Indeed, the vlTP showed strong structural connectivity with the constituents of the default-semantic network, including the dorsomedial prefrontal cortex (located within the superior frontal gyrus ROI of the FreeSurfer parcellation), precuneus/posterior cingulate cortex (precuneus and isthmus cingulate cortex ROI), and angular gyrus (inferior parietal cortex ROI) (Figure 3). As illustrated in Figure 3, particularly the connection with the superior frontal gyrus was the strongest for the vlTP among the three TP subregions. The anatomical structure providing the bulk of this connectivity, according to the population maps result, is most likely the uncinate fasciculus (UF) (Figure 2). The UF has been reported to reach the frontal pole (BA 10) (Crosby et al., 1962; Thiebaut de Schotten et al., 2012; Von Der Heide et al., 2013), middle frontal gyrus (Crosby et al., 1962; Hau et al., 2016) and even the superior frontal gyrus (Croxson et al., 2005). It should be noted that the superior frontal gyrus ROI from FreeSurfer used in the current study is large, encompassing such areas as frontal polar and medial prefrontal with which connectivity of the UF has been reported (Crosby et al., 1962; Thiebaut de Schotten et al., 2012; Von Der Heide et al., 2013). The angular gyrus (inferior parietal cortex), one of the other constituents of the default-semantic network, was also shown to have structural connectivity with the vlTP (Figure 3), and this structural connectivity is likely via the ILF (Figure 2). The involvement of the ILF in the connection between the vlTP and the angular gyrus is also suggested by the fact that, in macaque, the ILF has been reported to reach area Opt (Schmahmann et al., 2007; Katsuki and Constantinidis, 2012), a possible macaque homolog of human angular gyrus (Caspers et al., 2011). Even though the anatomical substrate of the structural connectivity between the vlTP and the precuneus/isthmus cingulate cortex was not detected in the present study, overall our results demonstrate structural connectivity between the vlTP and the majority of the cortical areas constituting the default-semantic network.

It should be noted that the structural connectivity from the vlTP is not limited to the cortical areas constituting the default-semantic network. Rather, the vlTP shows structural connectivity with broad areas other than the default-semantic network such as limbic areas, which is also in line with a previous study using functional MRI (Pascual et al., 2013).

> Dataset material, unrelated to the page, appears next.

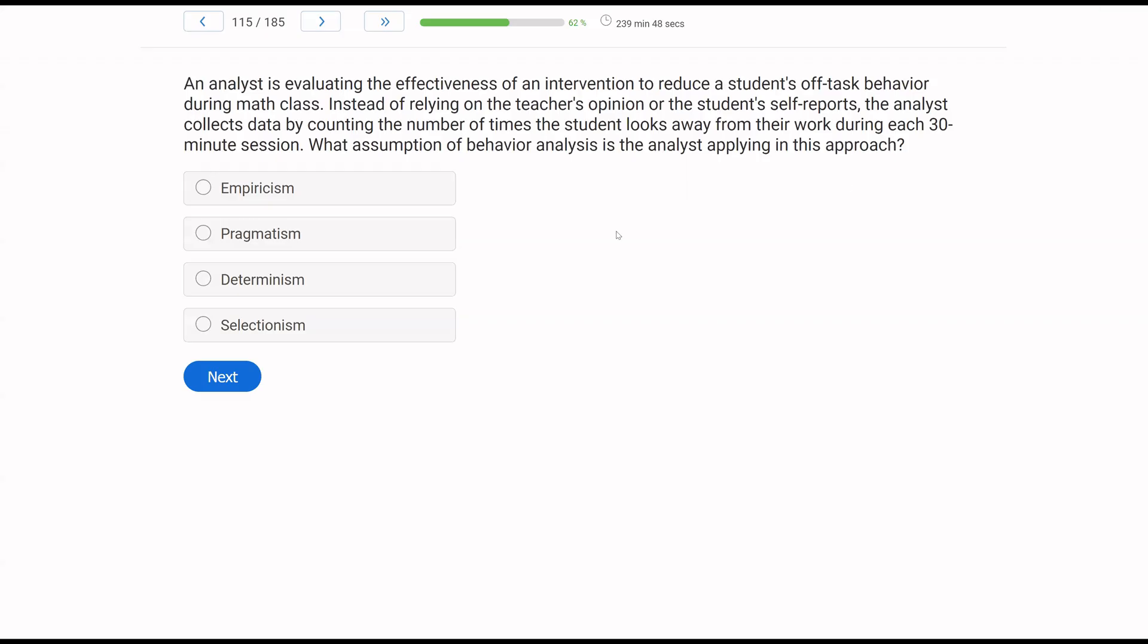An analyst is evaluating the effectiveness of an intervention to reduce a student's off-task behavior during math class. Instead of relying on the teacher's opinion or the student's self-reports, the analyst collects data by counting the number of times the student looks away from their work during each 30-minute session. What assumption of behavior analysis is the analyst applying in this approach?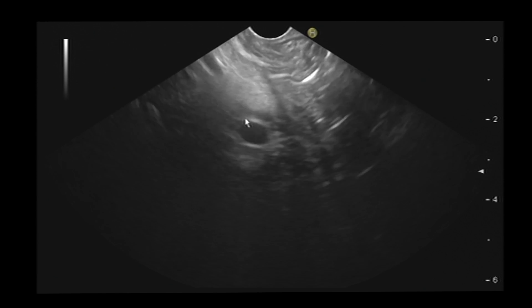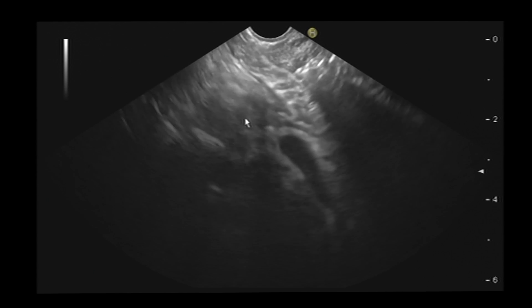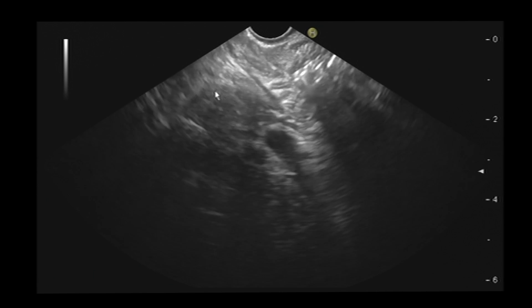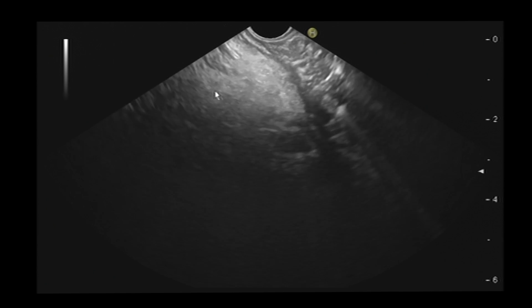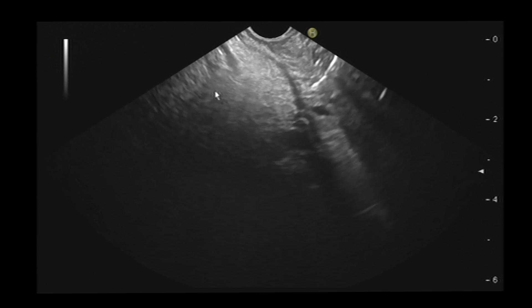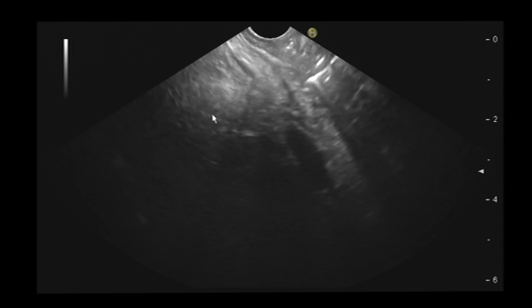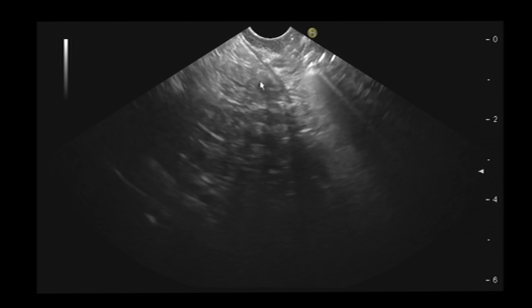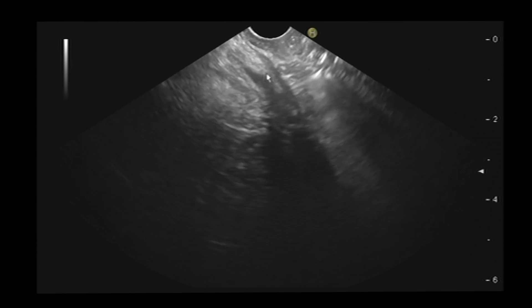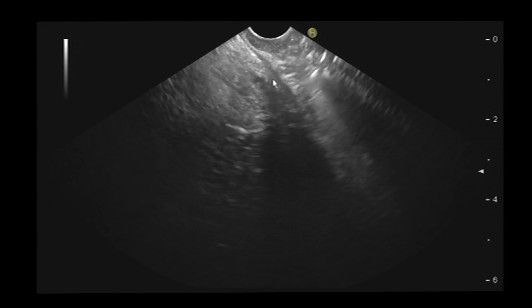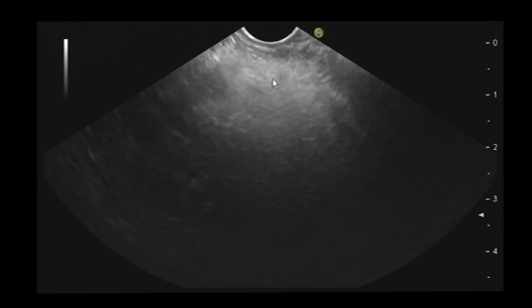Here we have the head of the pancreas, just here. And we have the bile duct — this is the bile duct. It's not dilated.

Ventromedial temporal pole

The second ventral subregion of the TP, ventromedial TP (vmTP), was shown to have strong structural connectivity with limbic and paralimibic areas including the amygdala, hippocampus, entorhinal cortex, parahippocampal cortex, and orbitofrontal cortex (Figure 3), which is likely mediated by the UF (Figure 2). The UF gives branches to such areas as the perirhinal cortex and amygdala (Schmahmann and Pandya, 2006) and is involved in emotional processing (Von Der Heide et al., 2013). Our results are in line with previous reports showing the medial TP’s strong structural (Fan et al., 2013) and resting-state functional connectivity (Fan et al., 2013; Pascual et al., 2013) with the limbic-paralimbic areas.

Cytoarchitecture and connectivity of the TP

The human TP is a complex, transitional cortical region, where many different cortical inputs converge (Ding et al., 2009). Cytoarchitectonically, human TP contains areas corresponding to each of the three cytoarchitectonic cortical types, i.e., agranular, dysgranular, and granular (Ding et al., 2009). Although cytoarchitectonic transitions between subregions separated by sulci and gyri are typically gradual, these TP subregions have broadly different cytoarchitectures (Ding et al., 2009). The dorsal (dTP) and ventrolateral (vlTP) subregions, corresponding to the areas TA and TE, respectively [as described by Ding et al. (2009)], both have granular cytoarchitecture (Ding et al., 2009). By contrast, the ventromedial subregion (vmTP), corresponding to the area TG of Ding et al. (2009), has dysgranular cytoarchitecture (Ding et al., 2009).

Our results demonstrate that the granular subregions of the TP (dorsal and ventrolateral TP) are structurally connected with areas related to phylogenetically more advanced functions such as language, spatial cognition, and semantic processing, whereas the dysgranular TP subregion is structurally connected with phylogenetically less advanced regions such as the limbic network. It should be noted that the TP in the current study included only areas anterior to the limen insulae, excluding the limen insulae itself as well as the areas in fusiform gyrus and entorhinal cortex defined by FreeSurfer parcellation. Consequently, area 36, which is dysgranular (Ding et al., 2009), and area 35, area TI, and the entorhinal cortex, which are agranular (Ding et al., 2009), were not included in the TP in this study, and their structural connectivity was not investigated.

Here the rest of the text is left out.